Though details are sketchy and the ink still damp on the federal budget, industries that could benefit from the billions in new spending announced yesterday by federal Finance Minister Jim Flaherty were in agreement that any infusion of cash at this point had to be seen as positive.

"It's all good news, it all helps," said Greg Baynton president of the Vancouver Island Construction Association. "It would be nice if it was a little bit more of course, but I guess everyone is saying that these days."

The VICA was reacting to the $21.3 billion announced for infrastructure projects, energy retrofits, community recreation projects and social housing spending announced as part of the $40-billion two-year stimulus package included in the budget.

Members of Baynton's organization, which does commercial, industrial and institutional construction, stand to benefit from the $12 billion tabbed for infrastructure, $7.8 billion earmarked for housing, construction, renovations and energy retrofits, $500 million for hockey arenas, swimming pools and other community recreational facilities and the $1 billion set aside for social housing.

There are a slew of infrastructure wish lists floating around the province, but Baynton is hopeful Greater Victoria will get the chance to check some of its wishes off the list — highways, water-supply infrastructure, bridge work as well as refitting and perhaps expanding aging facilities like the Royal B.C. Museum and Royal Athletic Park.

"That kind of stuff brings added value to the community, venues [like that] have been there a long time and they are the kind of venues that attract people to the city," he said.

Victoria's homebuilders were singing a similar song yesterday.

Casey Edge, executive director of the Canadian Homebuilders Association of Victoria, said the infusion of cash could go a long way to injecting some much needed confidence into the consumer.

The federal package announced yesterday includes a refundable tax credit for renovations, the tax credit for first-time home buyers, expansion of the ecoEnergy home energy retrofit initiative and additional support for skilled trades training.

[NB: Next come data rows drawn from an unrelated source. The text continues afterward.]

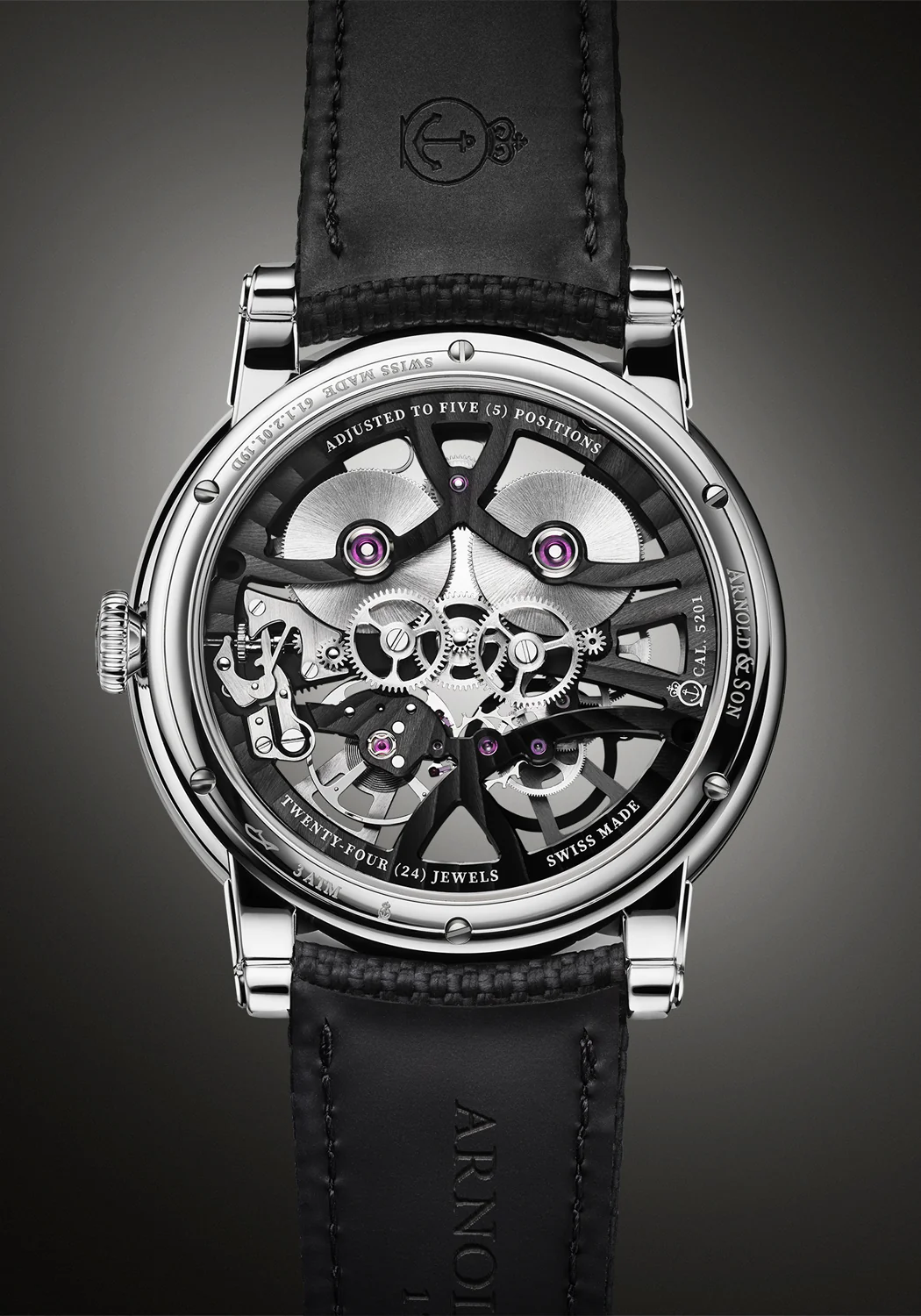 Arnold & Son Nebula 41.5 Steel Black Strap - Image 5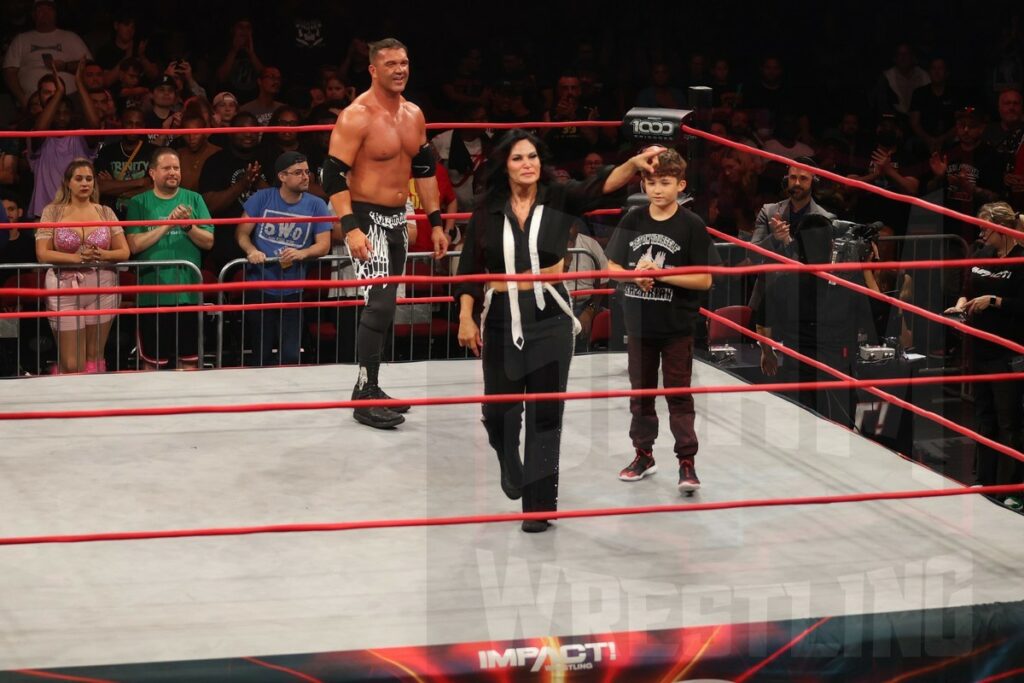Frankie Kazarian, Traci Brooks and their son at Impact 1000 on Saturday, September 9, 2023, at the Westchester County Center in White Plains, NY. Photo by George Tahinos, georgetahinos.smugmug.com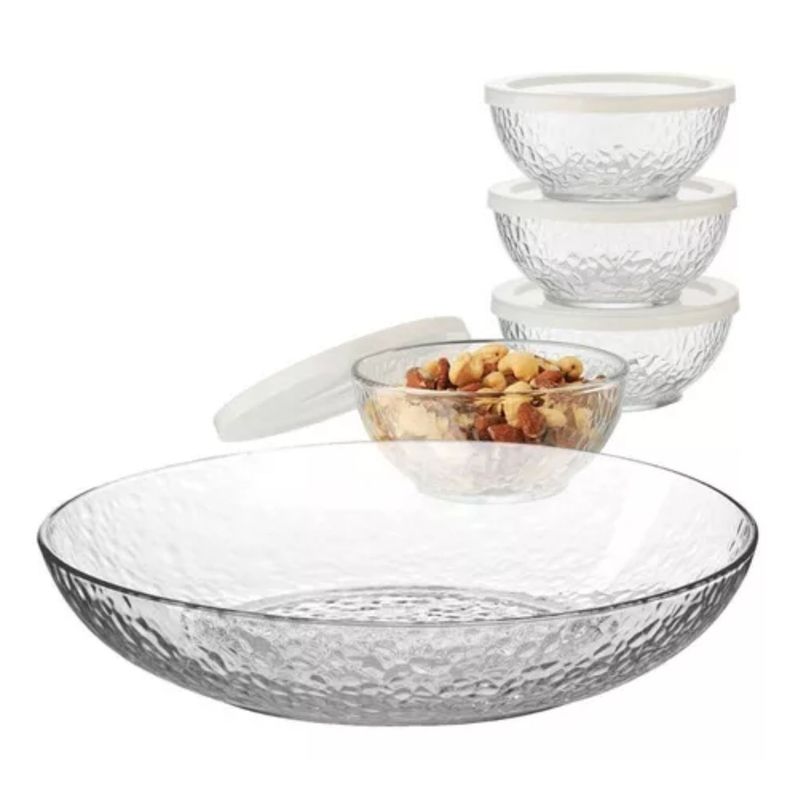 LIBBEY - Ensaladera De Vidrio + Bowls Con Tapa Libbey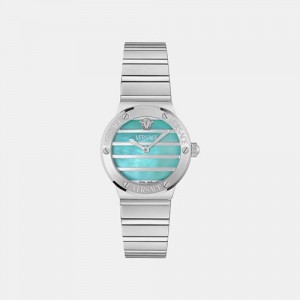 Versace Greca Logo Pearl Silver Sky Blue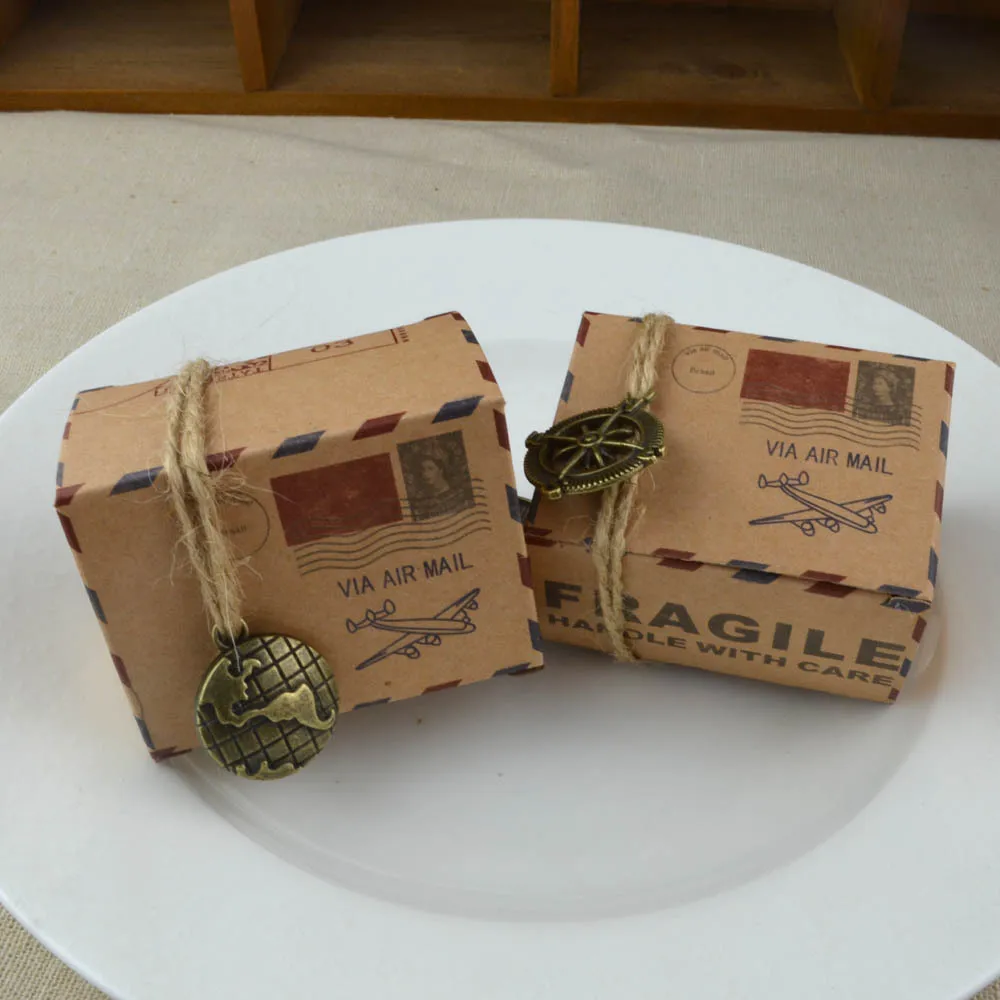 10 комплектов винтажная печать Авиапочта дизайн коробка для конфет с компасом/Мини глобус крафт подарочная коробка подарки сумки свадьба Вечеринка день рождения поставки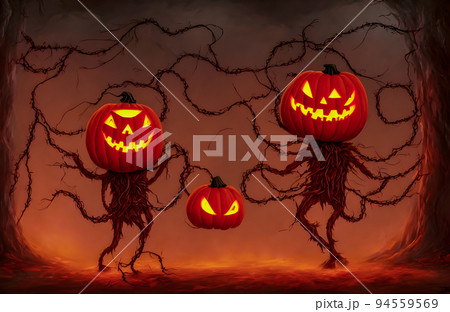 Halloween background. Spooky pumpkin. Halloween design with copyspace 94559569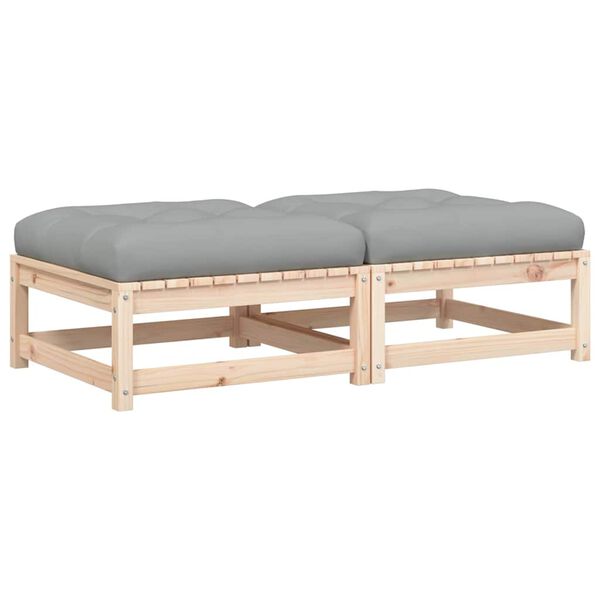 vidaXL Zahradní podnožky s poduškami 2 ks masivní borové dřevo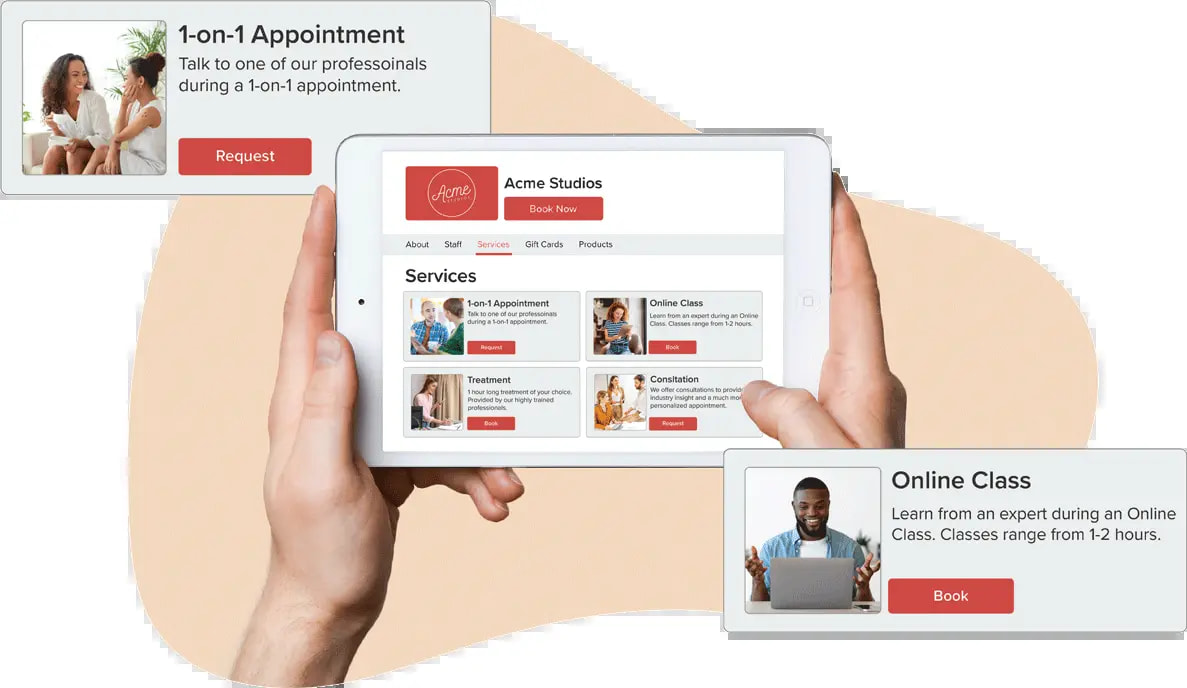 A tablet with customer popups showing options for service & class menus within Vagaros salon, spa and fitness software.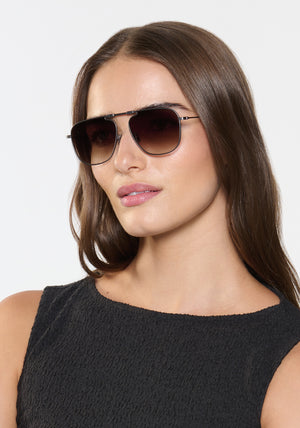 ZANDER FOLD | Matte Raw Stainless Steel + Nightfall Handcrafted, luxury stainless steel large folding square aviator KREWE sunglasses womens model | Model: Sam
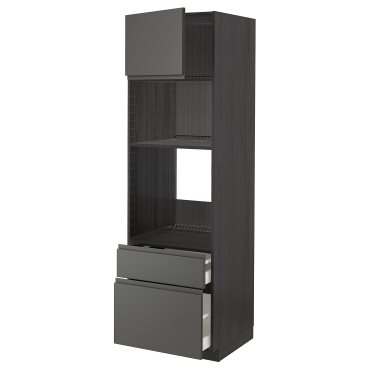 METOD/MAXIMERA, high cabinet for oven/microwave with door/2 drawers, 60x60x200 cm, 894.604.37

"From our perspective we have excellent fundamentals in Greater Victoria, where we have the lowest unemployment rate in the country and historical low mortgage interest rates and yet consumer confidence is very soft," he said. "What I think the government is trying to do is put a little money back into the consumers's pockets and get them to invest in their community."

Philip Hochstein, president of the Independent Contractors and Businesses Association noted this package could have a huge ripple effect in B.C.

"Every $1 billion spent on construction creates 20,000 direct and indirect jobs, so not only will B.C. benefit from the federal government's commitment to infrastructure building, but we'll also see more job creation and positive economic spin-off," he said.

The stimulus package could also keep workers hopping at Victoria Shipyards. Part of the package included $175 million to build 98 new small vessels, lifeboats and barges for the coast guard.

Victoria Shipyards, which has done coast guard work in the past, is already working "fairly steady" at this point according to general manager Malcolm Barker and is anticipating a busy cruise ship season, but that didn't stop him from smiling over the new money.

"I haven't seen any details yet, but any time they announce spending money on the coast fixing, building or modifying ships then I am all ears," he said.

The Greater Victoria Chamber of Commerce was also giving Flaherty's stimulus package a thumbs-up.

"Our challenge now will be to identify those projects that can be brought forward through a municipal partnership and still represent a long-term economic benefit to the entire region," said chamber CEO Bruce Carter, noting expansions to the airport runway, the Ogden Point Cruise Ship terminal and the Vancouver Island Technology Park should be on the radar.

The tourism industry welcomed the federal government's initiatives, noting $800 million in new spending will certainly help as the industry has hit "challenging economic times."

The funding initiatives included $40 million in marketing money over two years for the Canadian Tourism Commission, $100 million for marquee festivals and events over two years and $150 million for Canada's national parks system.

Tourism Industry Association of Canada president and CEO Randy Williams said those investments will improve the way "we deliver experiences of some of Canada's most important tourism destinations, and will provide both international and domestic travellers with even more compelling and urgent reasons to visit Canada."